I hope it doesn't crash on you either. Until I got a lift for my table, I used a 3.25 hp plunge PC I bought in the early 90's. I'ts definitely had a work out over the years. I also used it to fabricate 100's of sheets of solid surface counter tops over the years.

Never done anything to it but blow the dust off of it and has never let me down. My PC 3.25 router motor was bought less than 12 months ago and crashed after about 3 months of lite use. It stopped letting me adjust the speed on it about 2 months after I got it and then one day, it started trying to jump out of my table making all kinds of noises.

Tried all the PC repair facilities and they said sorry, no can work on it, no parts for it anymore. That ended my ever buying anything PC anymore.


----------



## splintergroup (Jan 20, 2015)

> Bruce,
> 
> You might try turning the collet nut up (counter clockwise) after breaking it free, until it comes tight to the bit, put the wrenches on again and give another quarter-ish twist CCW and see if that breaks the bit free.
> 
> ...


This ^^^

Some collets are described as "self-releasing". My Milwaukee is that way, after the nut is loose, it'll spin freely for a full turn or so then hit the release point where the wrenches are required for another 1/4 turn.


----------



## bruc101 (Sep 13, 2008)

> Bruce,
> 
> You might try turning the collet nut up (counter clockwise) after breaking it free, until it comes tight to the bit, put the wrenches on again and give another quarter-ish twist CCW and see if that breaks the bit free.
> 
> ...


That's how my PC collects work. I got a call into Griz and they suggested to lightly sand the inside of the collects with some fine sand paper and do the same thing to the router cutter shafts.
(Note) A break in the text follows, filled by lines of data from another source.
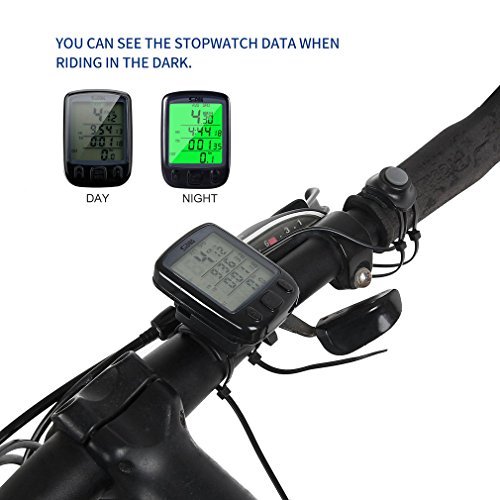 LESHP Cycle Computer Waterproof Cycling Bike Bicycle Speedometer Odometer with Green Backlight LCD Display Multi Function for Cycling Black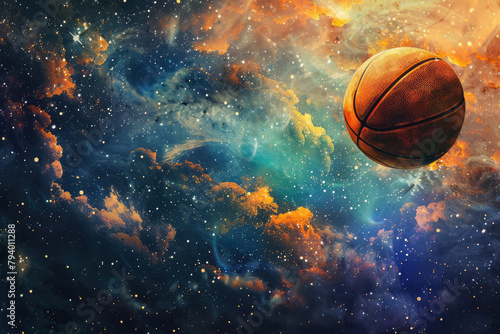 a basketball floating n space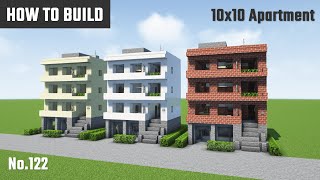 マイクラ建築：3階建ての小さなアパートの作り方。駐輪場付き。10x10ブロックで簡単に。No.122【Minecraft】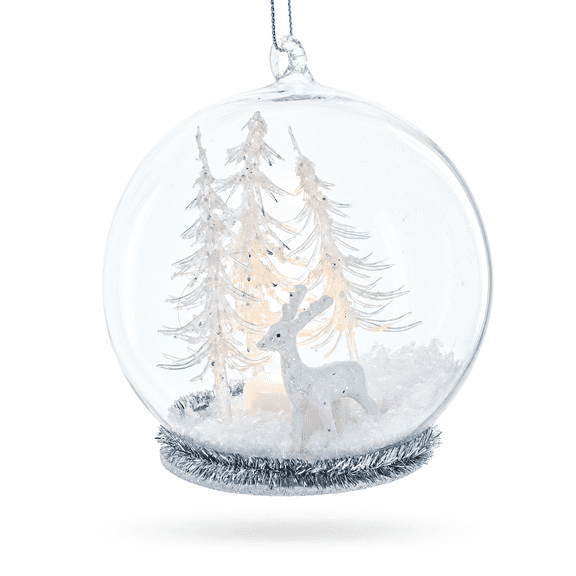 Winter Forest Snow Globe with White Deer Glass Christmas Ornament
I gave that a try and so far the cutters release with very little effort and slide right of the collect and slide back in with no effort.

As I stated earlier, I've never used any collects like these before and didn't know what to expect. All I had to do today was unlock the collect and turn the nut until I could turn it with my fingers. Turn it about a turn and the cutter will slide right out.

After using the router motor for awhile, and hope the collect issue is resolved, I'm beginning to like the motor more every use. I really like how quiet it is and had a chance to run it at full rpm's today. I don't think it has the grunt the PC does but it's doing what I call on it to do with no power problems.

I certainly appreciate and thank you guys for replying and offering your suggestions. I'll update if I have anymore issues with it.


----------



## LittleBlackDuck (Feb 26, 2016)

*Boys* and *Girls*, this may be of some assistance. It's the instructions from my *Beall Colett Chuck*,


----------



## bruc101 (Sep 13, 2008)

> *Boys* and *Girls*, this may be of some assistance. It s the instructions from my *Beall Colett Chuck*,
> 
> 
> 
> ...


Interesting. Thanks for sharing.


----------



## BertL (May 21, 2016)

I find that my router bits stick when fully bottomed out in the collet. Now, when I install the bit, I bottom it out, then raise it a fraction of an inch before tightening. Then, after I loosen the collet to remove the bit, I push the bit down slightly, and it frees right up for easy removal. Maybe that will work for you - without sanding.


----------



## bruc101 (Sep 13, 2008)

> I find that my router bits stick when fully bottomed out in the collet. Now, when I install the bit, I bottom it out, then raise it a fraction of an inch before tightening. Then, after I loosen the collet to remove the bit, I push the bit down slightly, and it frees right up for easy removal. Maybe that will work for you - without sanding.
> 
> - BertL


Thanks for the info. I'll give that a try tomorrow.


----------